▸ **WORKING DATA**:
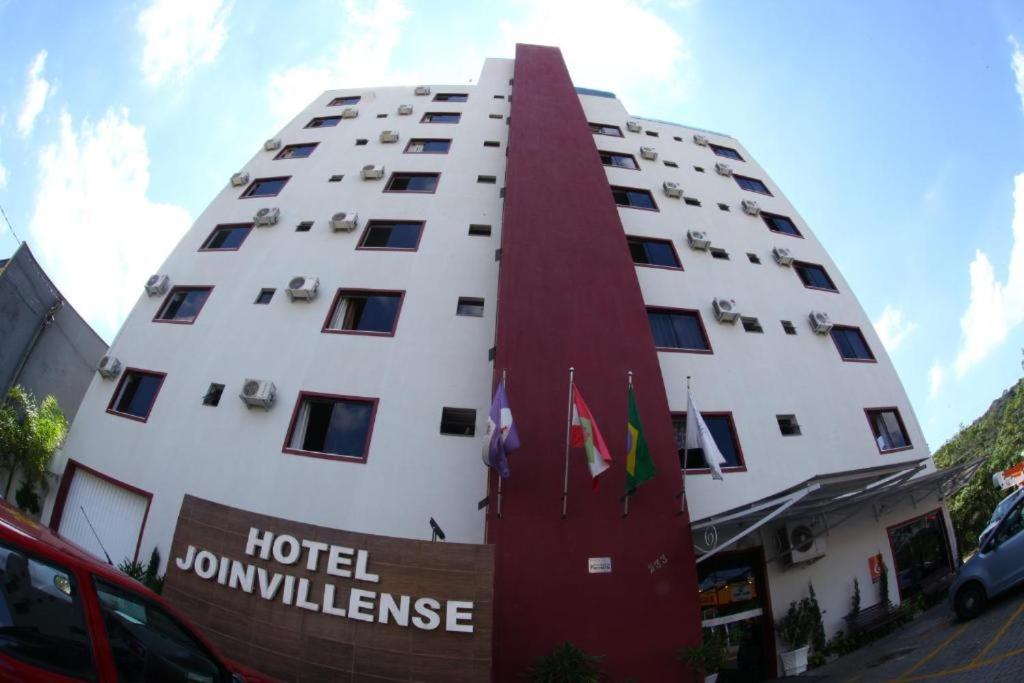 若因維利的住宿－HOTEL JOINVILLENSE，一座大型酒店建筑,上面有标志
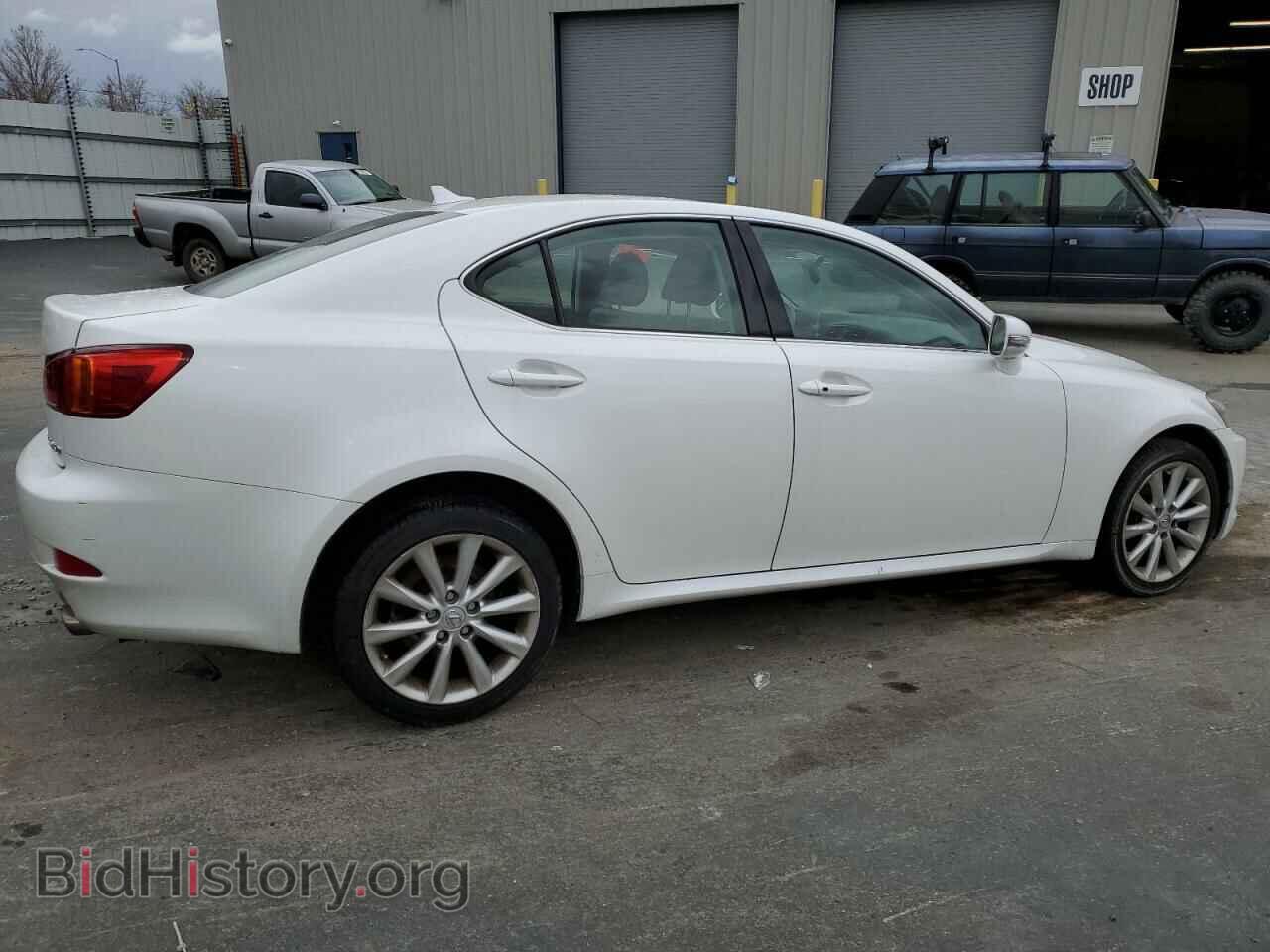2010 LEXUS IS - VIN: JTHCF5C24A5037500 - Photo 3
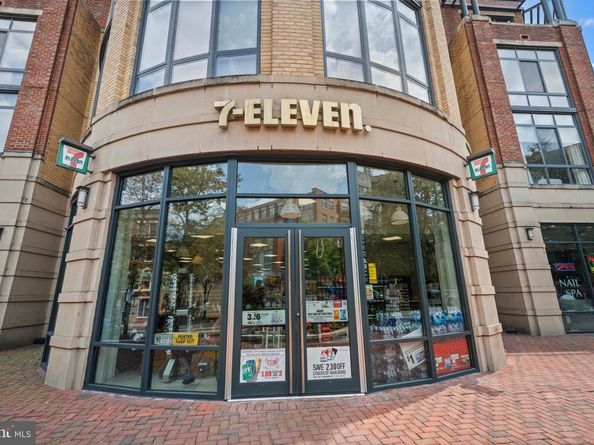 520 John Carlyle Street 108, Alexandria VA 22314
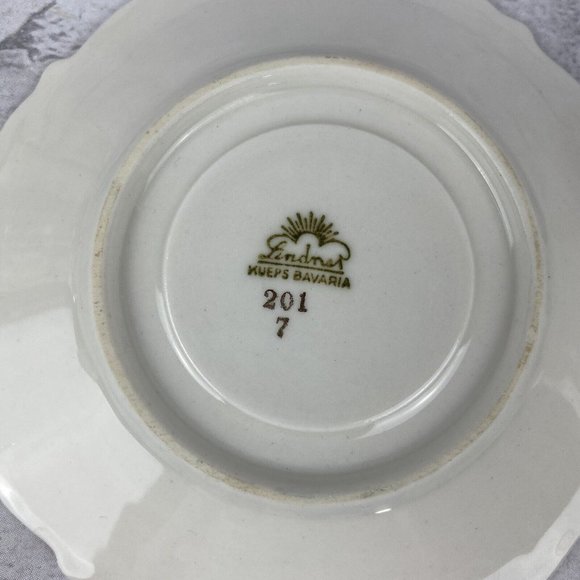 Lindner Kueps Bavaria Green & Gold Gilt Demitasse Cup Saucer Vintage - Picture 6 of 6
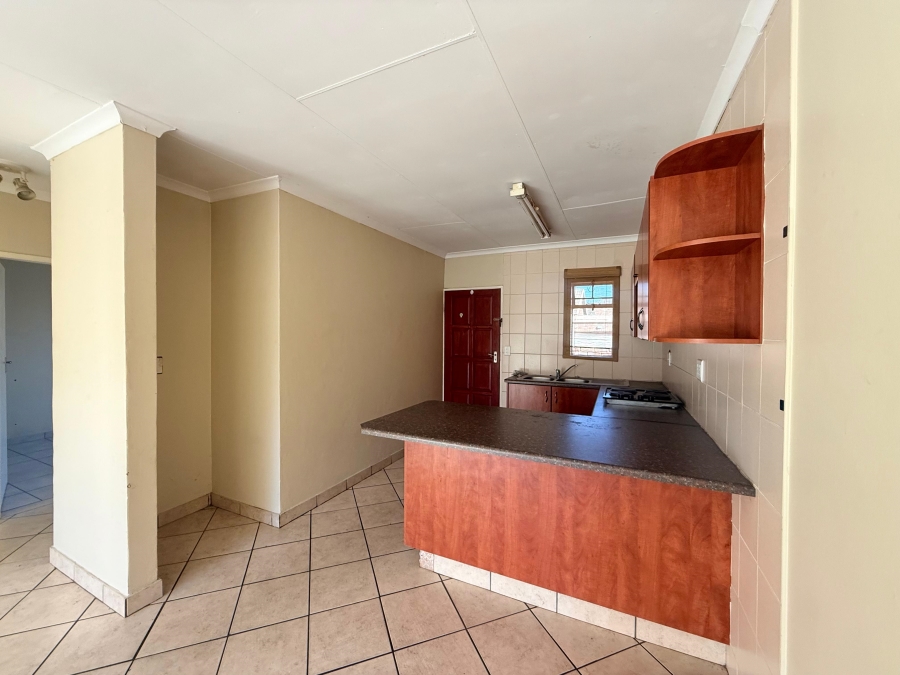 To Let 2 Bedroom Property for Rent in Amberfield Gauteng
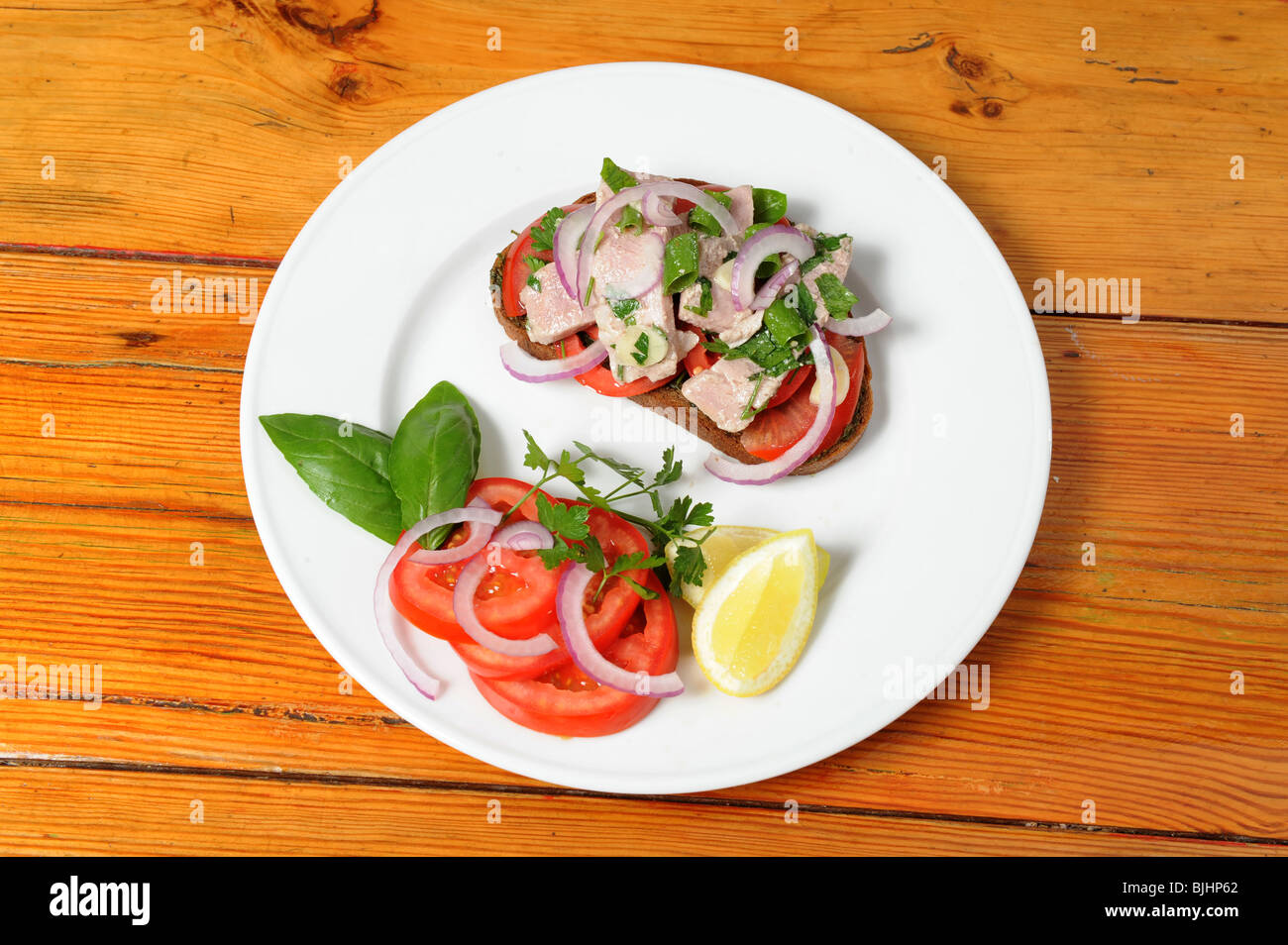 cooking tuna fish Stock Photo Alamy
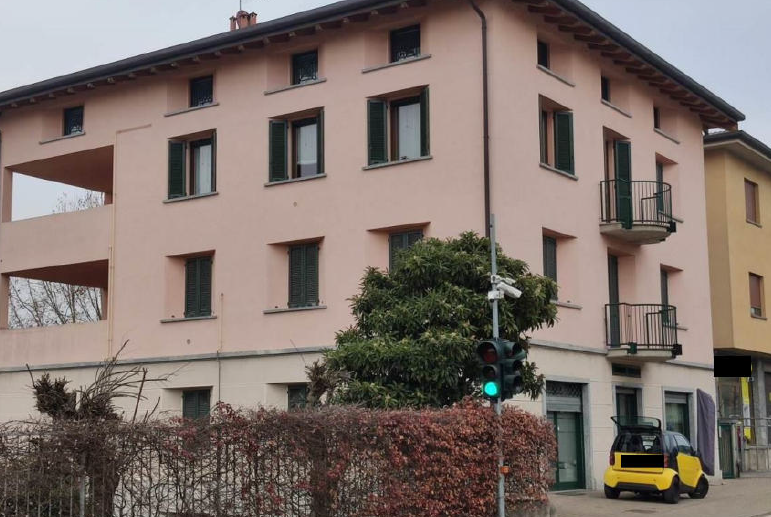 Appartamento in vendita a Merone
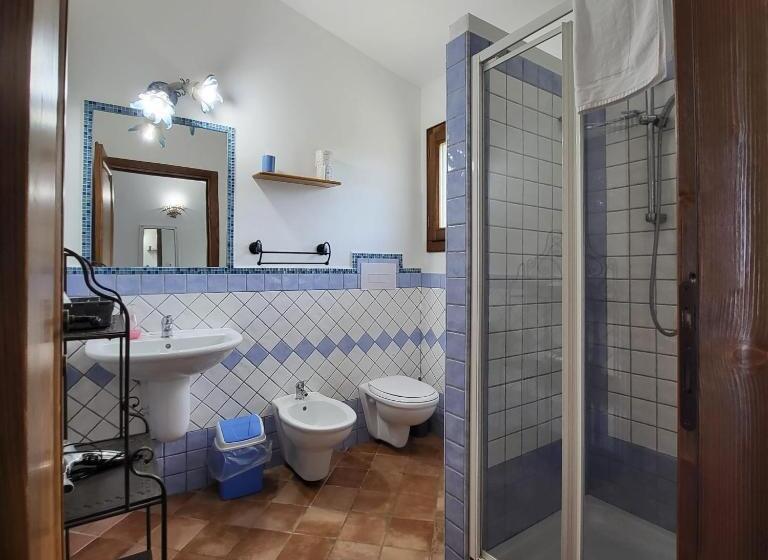 هتل Agriturismo Su Barcu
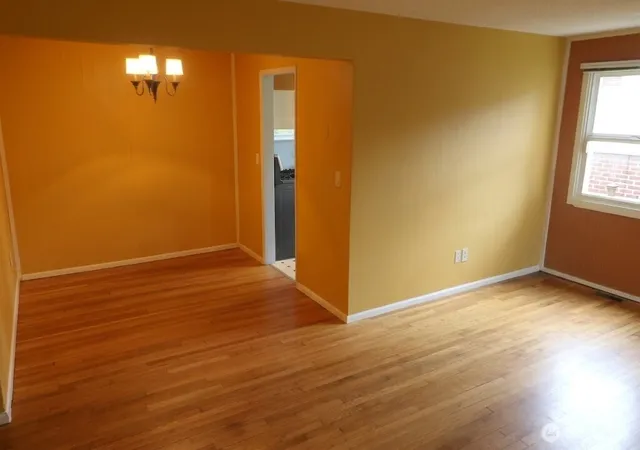 Photo 4 of Single family home for sale at 9233 17th Avenue NE, Seattle, WA 98115 | MLS# NWM2593297 | Listing updated on 2026-10-13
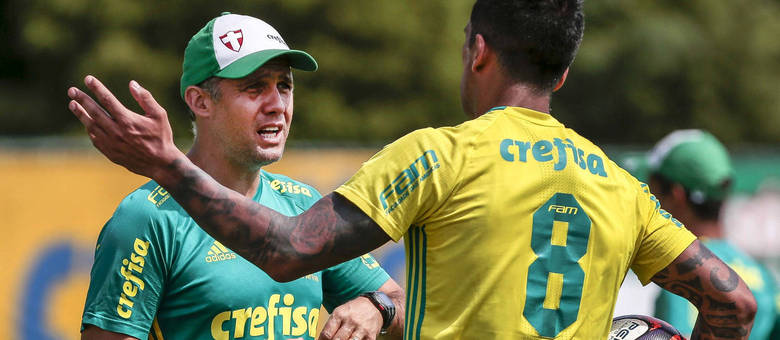 Eduardo Baptista pode mexer em defesa, meio e ataque do Palmeiras para voltar a vencer no Paulistão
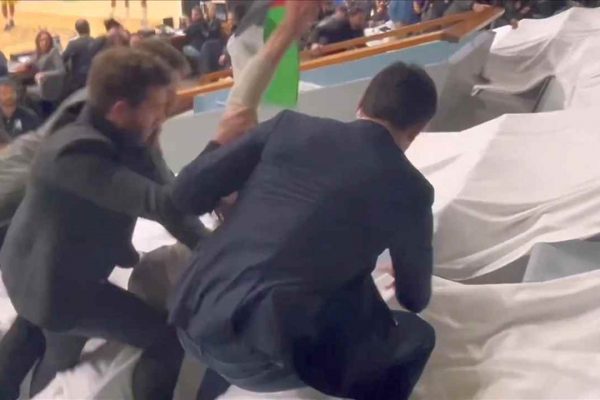 Fransa’da basketbol maçında İsrailli taraftarlar Filistin bayraklı genci darbetti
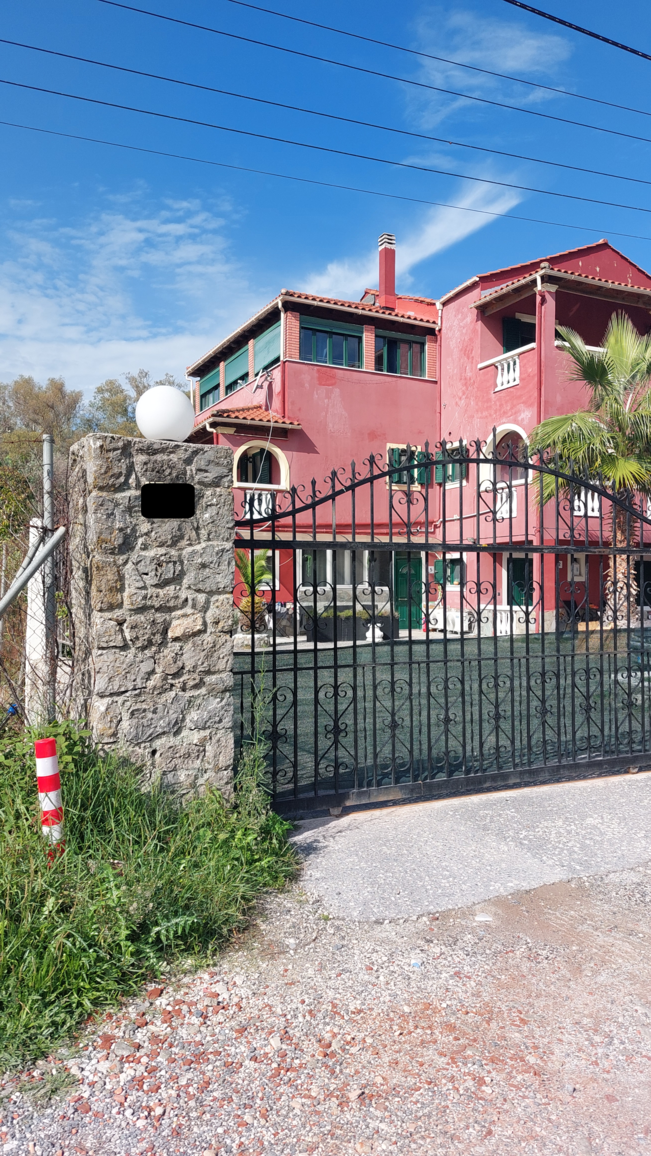 Οικόπεδο με κτίσμα  σε πλειστηριασμό Δήμος Κέρκυρας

▸ **BRIEF**: Print every entry above again, exactly as written. Leave the images out.

▸ **SOLUTION FOR THIS PROBLEM**:
 若因維利的住宿－HOTEL JOINVILLENSE，一座大型酒店建筑,上面有标志
2010 LEXUS IS - VIN: JTHCF5C24A5037500 - Photo 3
 520 John Carlyle Street 108, Alexandria VA 22314
 Lindner Kueps Bavaria Green & Gold Gilt Demitasse Cup Saucer Vintage - Picture 6 of 6
 To Let 2 Bedroom Property for Rent in Amberfield Gauteng
 cooking tuna fish Stock Photo Alamy
 Appartamento in vendita a Merone
 هتل Agriturismo Su Barcu
 Photo 4 of Single family home for sale at 9233 17th Avenue NE, Seattle, WA 98115 | MLS# NWM2593297 | Listing updated on 2026-10-13
 Eduardo Baptista pode mexer em defesa, meio e ataque do Palmeiras para voltar a vencer no Paulistão
 Fransa’da basketbol maçında İsrailli taraftarlar Filistin bayraklı genci darbetti
 Οικόπεδο με κτίσμα  σε πλειστηριασμό Δήμος Κέρκυρας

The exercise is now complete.